Doppler radar observations (reflectivity and radial velocity) have been used in complex data assimilation systems in order to improve the initial conditions for convection-permitting models (e.g., Caya et al. 2005; Sun et al. 2005; Tong and Xue 2005; Gao et al. 2004; Xiao et al. 2007; Ming et al. 2009; Aksoy et al. 2009, 2010; Wang et al. 2013a) since they are almost the only source of three-dimensional information at this scale (Aksoy et al. 2009). These data assimilation systems—for example, three- and four-dimensional variational data assimilation methods [3DVAR (Sasaki 1970; Lorenc 1986) and 4DVAR (Lorenc 1988)] and ensemble Kalman filter (EnKF; Evensen 1994) and hybrid methods (Zupanski 2005)—have been developed for both research and operational purposes, and previous works using those systems have shown improvements in their precipitation forecasts (e.g., Snyder and Zhang 2003; Kawabata et al. 2007; Tong and Xue 2008; Shimizu et al. 2011; Sun et al. 2012; Sun and Wang 2013; Wang et al. 2013b).

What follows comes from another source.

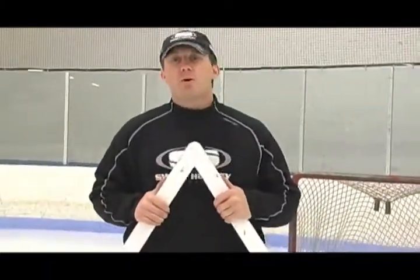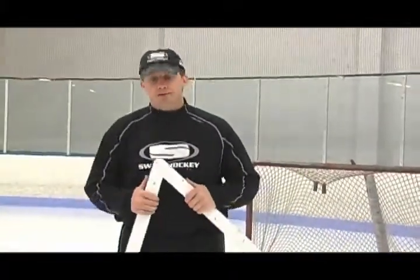One thing I like to use it on ice for is training the goalies. A lot of times, what do you do with the goalies when everyone else is skating? You can take one coach and give them this, and they can work on a variety of drills.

Although the above-mentioned studies have demonstrated that radar data assimilation can improve the forecasting of precipitation, the positive impact tends to last only for a few hours. Using a 3DVAR radar data assimilation system, Sun et al. (2012) found that the impact of assimilating Doppler radars lasted only for 3 h for forecasts initialized in the early mornings when the convective systems are mostly scattered and radar coverage is small. From our experience with 3DVAR, we have found that radar data assimilation can introduce large wind increments and spurious precipitation, which can potentially make the positive impact of radar data assimilation short lived and even cause adverse effects on longer forecasts. We believe one of the reasons for this behavior could be due to the lack of proper balance in the dynamical and microphysical fields of the initial analysis. According to Reen (2007), the 3DVAR method tends to produce noise, and a digital filter (Lynch 1993) can be used in an attempt to diminish it. However, besides the fact that the digital filter may also remove real atmospheric features, it can only be implemented after the data assimilation process. Another methodology that tries to deal with the noise produced in a 3DVAR system is an incremental analysis update (IAU; Bloom et al. 1996). Lee et al. (2006) performed experiments using the fifth-generation Pennsylvania State University–NCAR Mesoscale Model (MM5) 3DVAR with the IAU methodology. The authors found that IAU could reduce the initial noise, and the moisture (i.e., the model variables related with the water cycle) spun up efficiently because of the gradual incorporation of the analysis increment. However, the IAU method is unable to eliminate the noise in the analysis; rather, it reduces the impact of the noise by the gradual addition of the increment during the forecast. Although 4DVAR and hybrid (4DVAR + EnKF) systems may have advantages in producing better-balanced analyses and hence a greater potential than the 3DVAR, their computational costs are still much higher than what many operational centers can afford.

Sugimoto et al. (2009) conducted experiments assimilating radar data using the Weather Research and Forecasting (WRF) Model’s (Skamarock et al. 2008) three-dimensional variational data assimilation system (WRFDA 3DVAR; Barker et al. 2004) with observation simulation system experiments. Although encouraging results were shown in their study, they also found that the 3DVAR had limited ability in retrieving the unobserved variables by radar. This implies that the wind increment resulting from the assimilation of radar radial velocity is not balanced by other fields at the convective scales and can contain significant noise. The noise can even contaminate the large-scale balance. Guo et al. (2007) and Ming et al. (2009) addressed the issue of the final analysis balance when using the WRFDA 3DVAR scheme. The authors subjectively reduced by half these background error variances in order to give more weight to the background during the assimilation process for the purpose of keeping the background dynamical balance.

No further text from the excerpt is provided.